Леонид Сергеев - До встречи на небесах
Поэт Александр Юдахин выпускает книги своих стихов, напичканные фотографиями: он в компании знаменитостей — обнимает Тарковского, Самойлова, Вознесенского, Искандера…
Мой друг и единомышленник критик Игорь Штокман выпустил книгу о Л. Бородине, где на обложке красуется собственной персоной (он прислушивается к мнению друзей, но я не успел отговорить его от этой затеи).
Так же своим портретом открывает книгу о Достоевском Игорь Волгин, бравый молодчик с кукольным лицом.

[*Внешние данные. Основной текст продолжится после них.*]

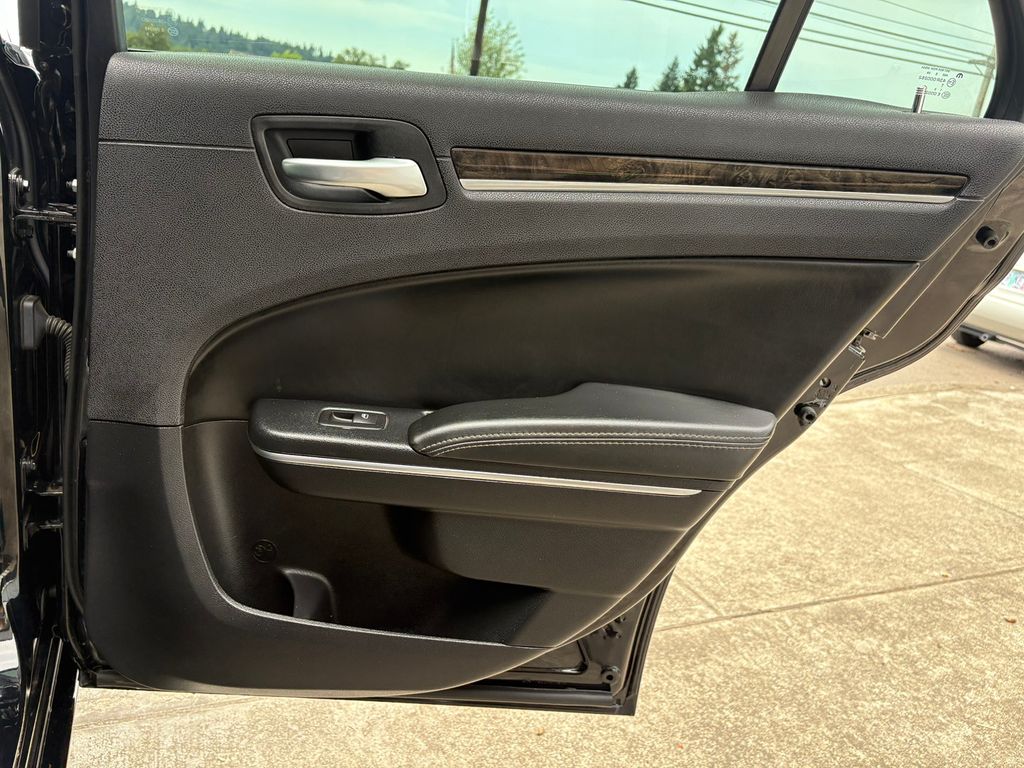 2017 Chrysler 300 C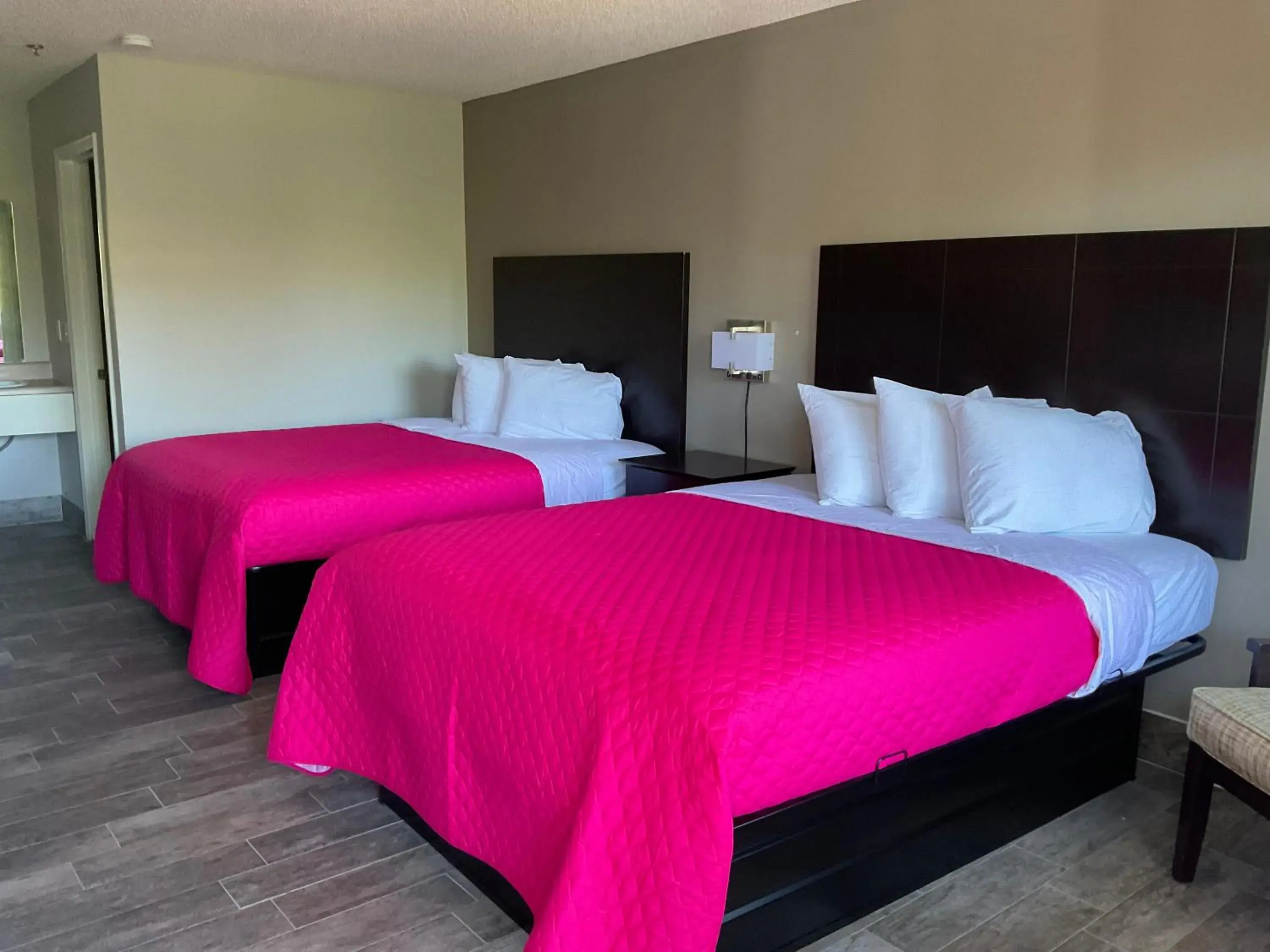 Queen Room in SUNSET INN Queen Room in SUNSET INN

Другой мой друг, серьезнейший до мрачности, прозаик Борис Воробьев составил живописный трехтомник о животных и разбавил классиков своими произведениями, причем у Киплинга, Кервуда, Лондона, С-Томпсона отобрал по одной повести, а своих впихнул две.
Еще один мой друг Михаил Ишков написал исторический роман «Марк Аврелий», в котором поставил три эпиграфа: высказывания Цицерона, Марка Аврелия и… автора(!).
Особенно надо отметить улыбчиво-нежного поэта Виктора Лунина — ему предоставилась возможность составить пять томов выдающихся детских поэтов. И он составил и издал: первый том — Маршак, второй — Чуковский, третий — Михалков, четвертый — Барто, пятый — Лунин(!).
Вот так скромно, никем себя не объявляя, эти деятели поставили себя на одну доску со всемирно известными людьми. Все это напоминает замечательное изречение (кажется Верди):
— В двадцать лет я говорил — «Я и Моцарт», в сорок — «Моцарт и я», а теперь, в шестьдесят, только — «Моцарт».
Насчет скромности этих балбесов я все же загнул. Скромно держится только Лунин. Из Друца так и прет самовлюбленность, он без зазрения совести расшаркивается перед издателями и секретарями писательского Союза — им, разумеется, сует визитки с телефоном.
Юдахин настырно пробивает свои книги и не упускает случая выступить перед публикой; как сказал поэт Яков Аким — «лезет везде, где его ждут и не ждут». Юдахин, и еще один поэт (точнее рифмоплет, пишущий холодные стихи, какие-то нарезки из не связанных между собой строк) В. Ковда, издали по двадцать(!) поэтических сборников; стряпают стихи по любому поводу, как блины. Об этих фонтанирующих мастерах все поэты отзываются крайне отрицательно; некоторые считают, что «их книги, сразу после выхода, следует отправлять в макулатуру».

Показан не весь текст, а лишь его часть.